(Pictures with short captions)
= = = = =

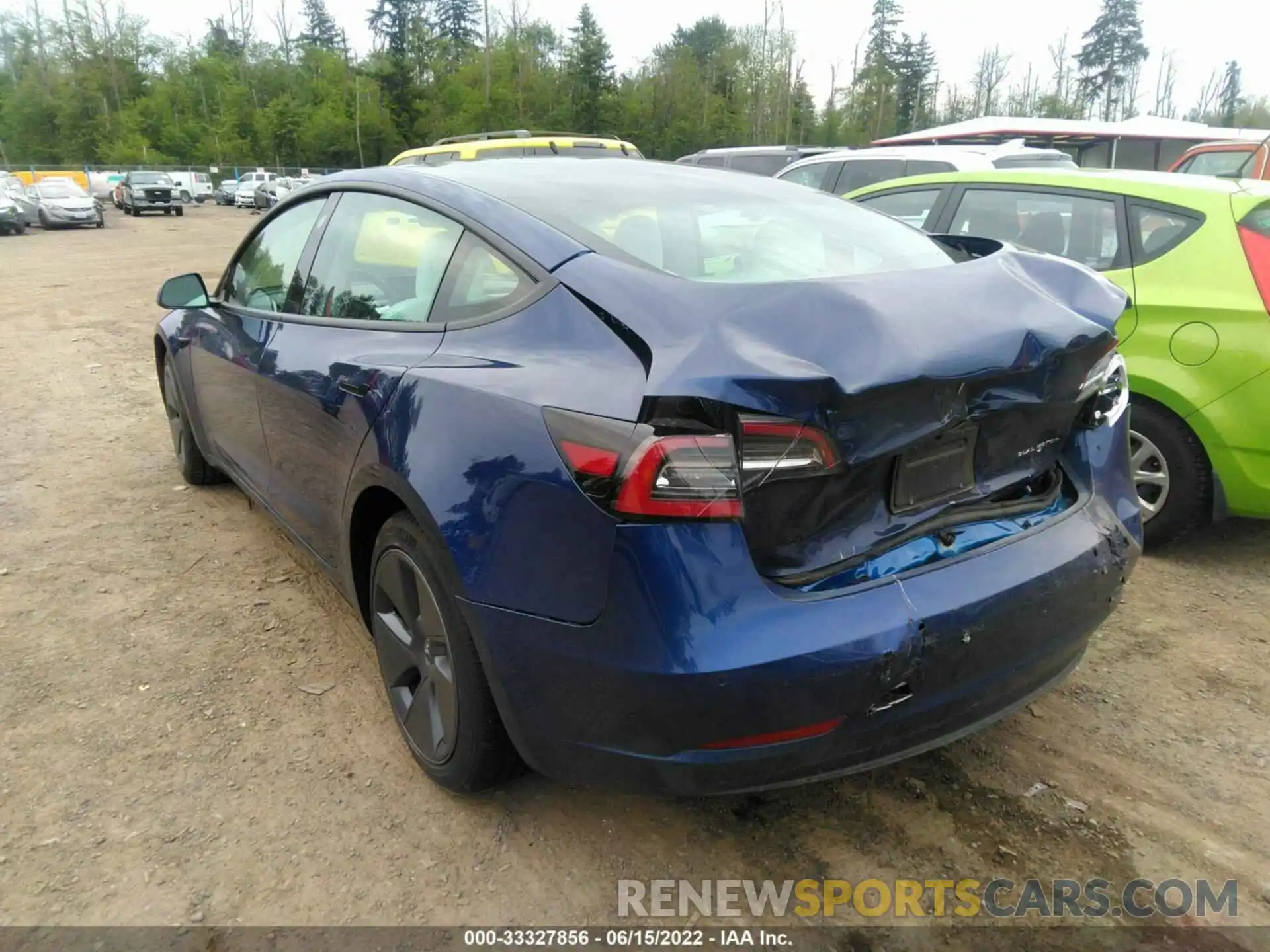 3 Photograph of a damaged car 5YJ3E1EB8NF130101 TESLA MODEL 3 2022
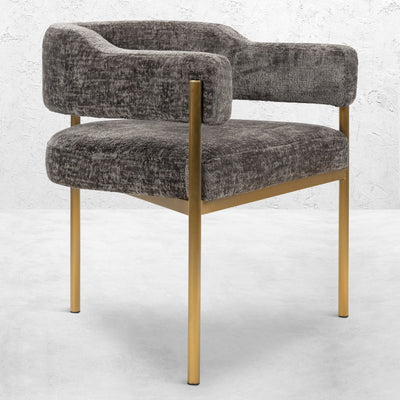 Pain Killer DIning Chair in Hammered Chenille - Tom Collins Home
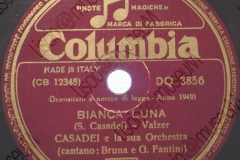 Bianca Luna - (Secondo Casadei) - Valzer - cantano Bruna e G. Fantini - 21-06-1949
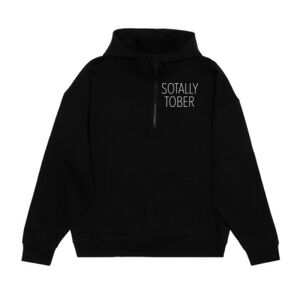 Unisex Drop Shoulder Scuba 1/2 Zip Hoodie  Thumbnail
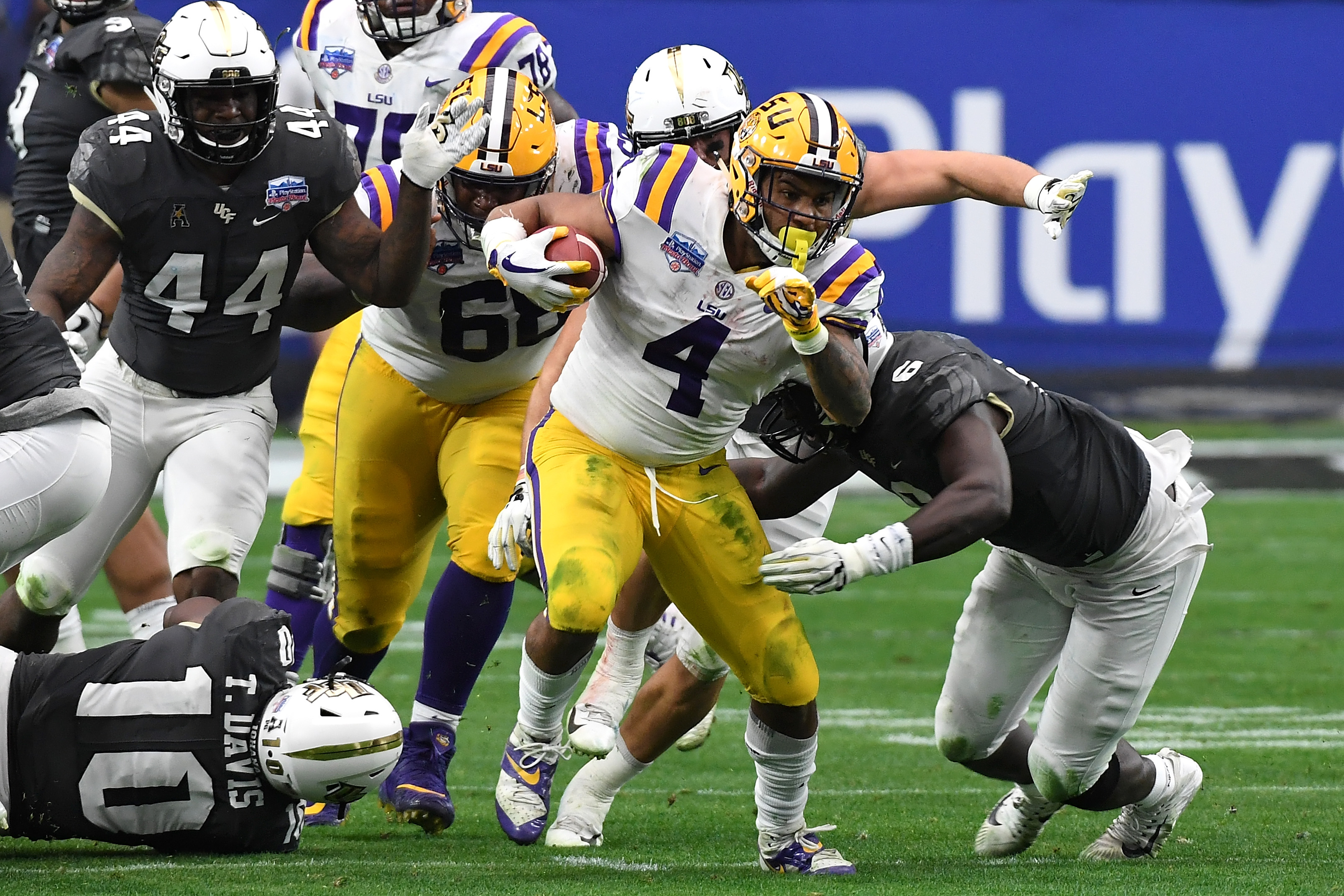 The Patriots signed LSU running back Nick Brossette as an undrafted free agent.
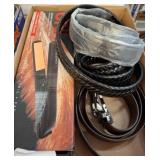 Boxed Flat Iron and Assorted Belts
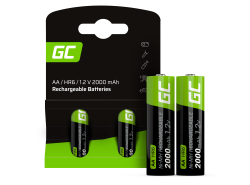 Baterías Ni-MH precargadas de Green Cell Baterías 2x AA HR6 2000mAh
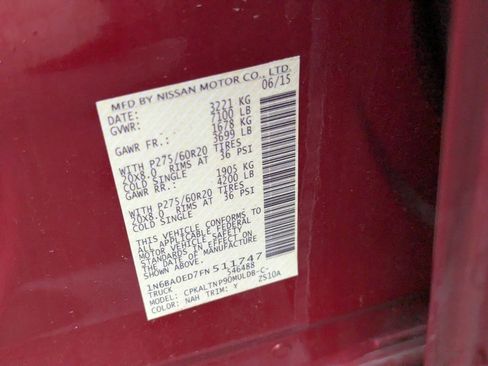 Used 2015 Nissan Titan SV w/ SV Value Truck Package image 11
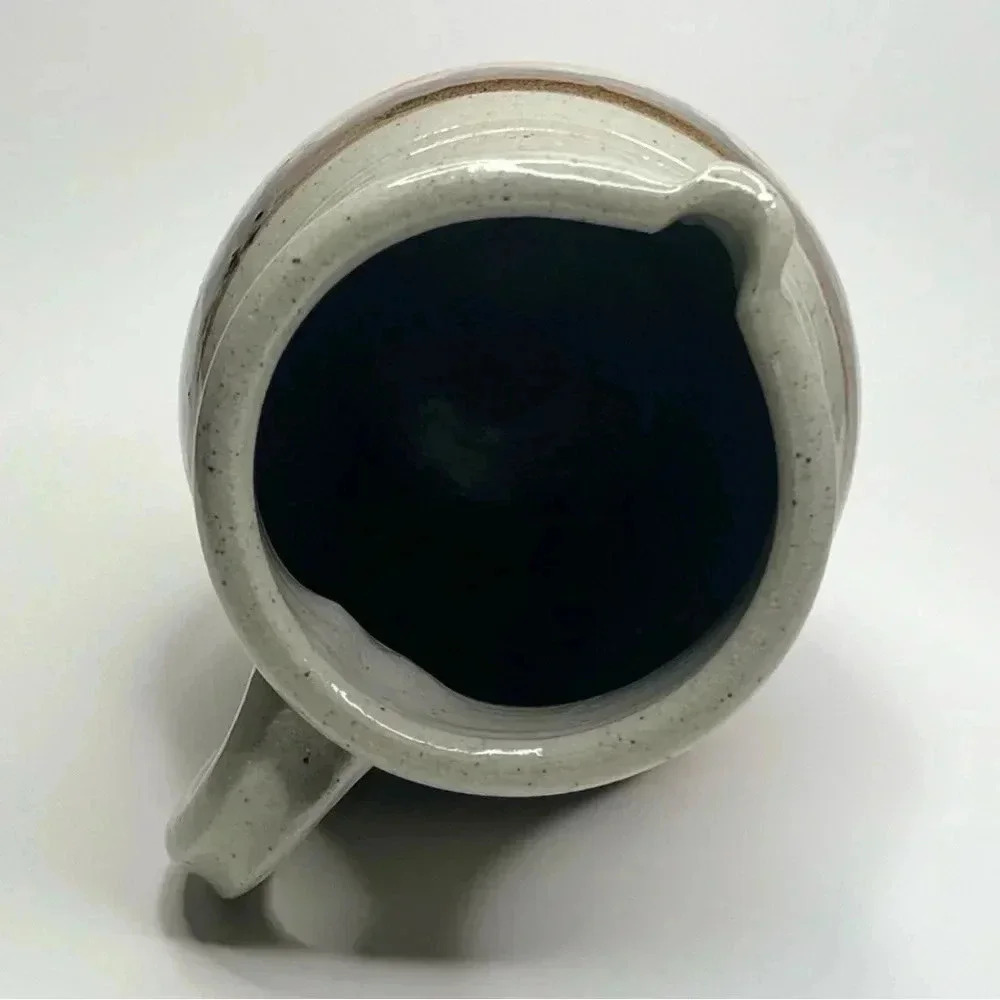 Cramer Pottery Studio Ceramics Glazed Large Pitcher 10"" Hand Crafted - Picture 6 of 6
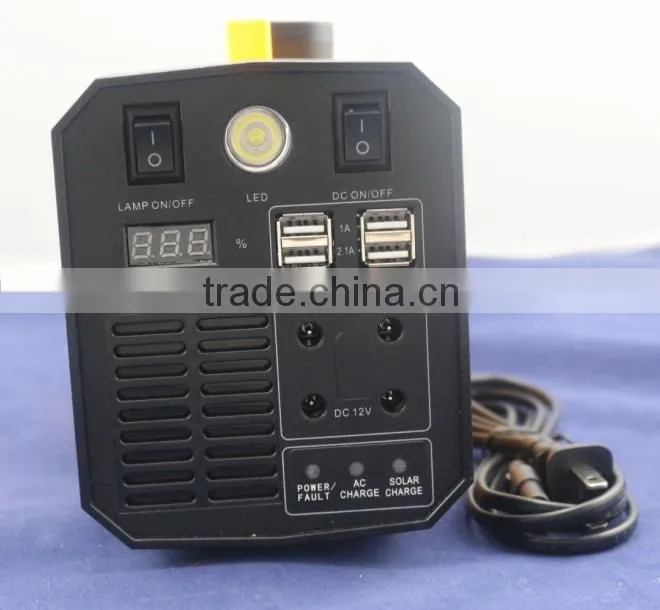 500W solar power system with 100W solar panel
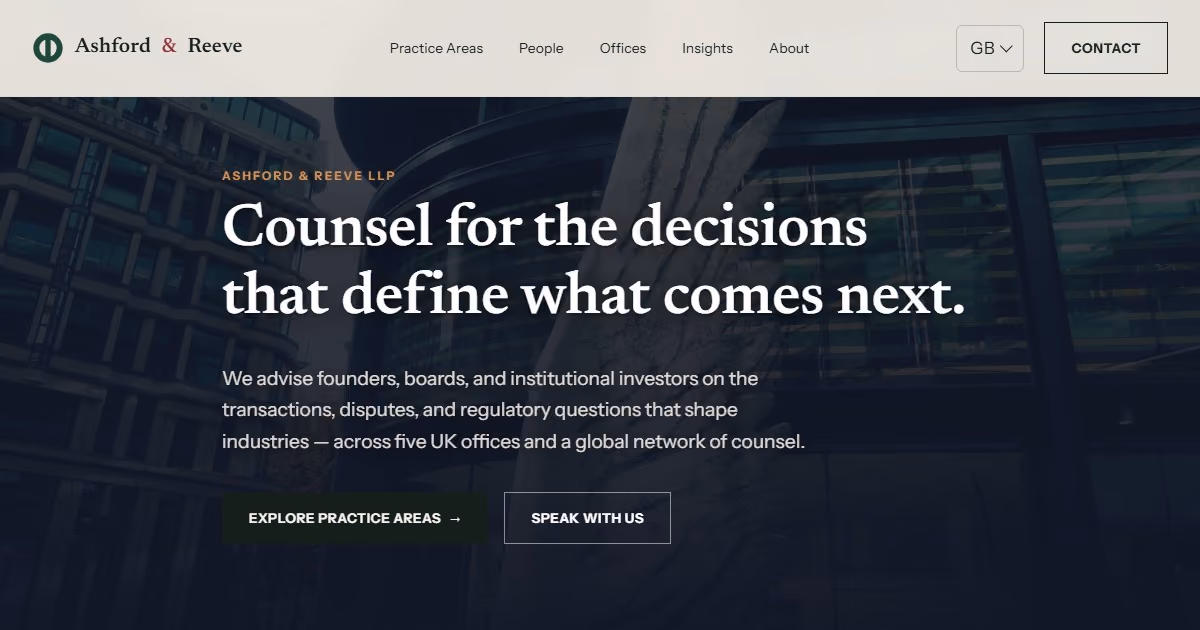 Pemberton & Hale UK — law firm website design for a London-led legal brand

= = = = =

### How to complete this task
The data above are to be repeated word for word, with any pictures left out.

### Written answer
 3 Photograph of a damaged car 5YJ3E1EB8NF130101 TESLA MODEL 3 2022
 Pain Killer DIning Chair in Hammered Chenille - Tom Collins Home
 Bianca Luna - (Secondo Casadei) - Valzer - cantano Bruna e G. Fantini - 21-06-1949
 Unisex Drop Shoulder Scuba 1/2 Zip Hoodie  Thumbnail
 The Patriots signed LSU running back Nick Brossette as an undrafted free agent.
 Boxed Flat Iron and Assorted Belts
 Baterías Ni-MH precargadas de Green Cell Baterías 2x AA HR6 2000mAh
 Used 2015 Nissan Titan SV w/ SV Value Truck Package image 11
 Cramer Pottery Studio Ceramics Glazed Large Pitcher 10"" Hand Crafted - Picture 6 of 6
 500W solar power system with 100W solar panel
 Pemberton & Hale UK — law firm website design for a London-led legal brand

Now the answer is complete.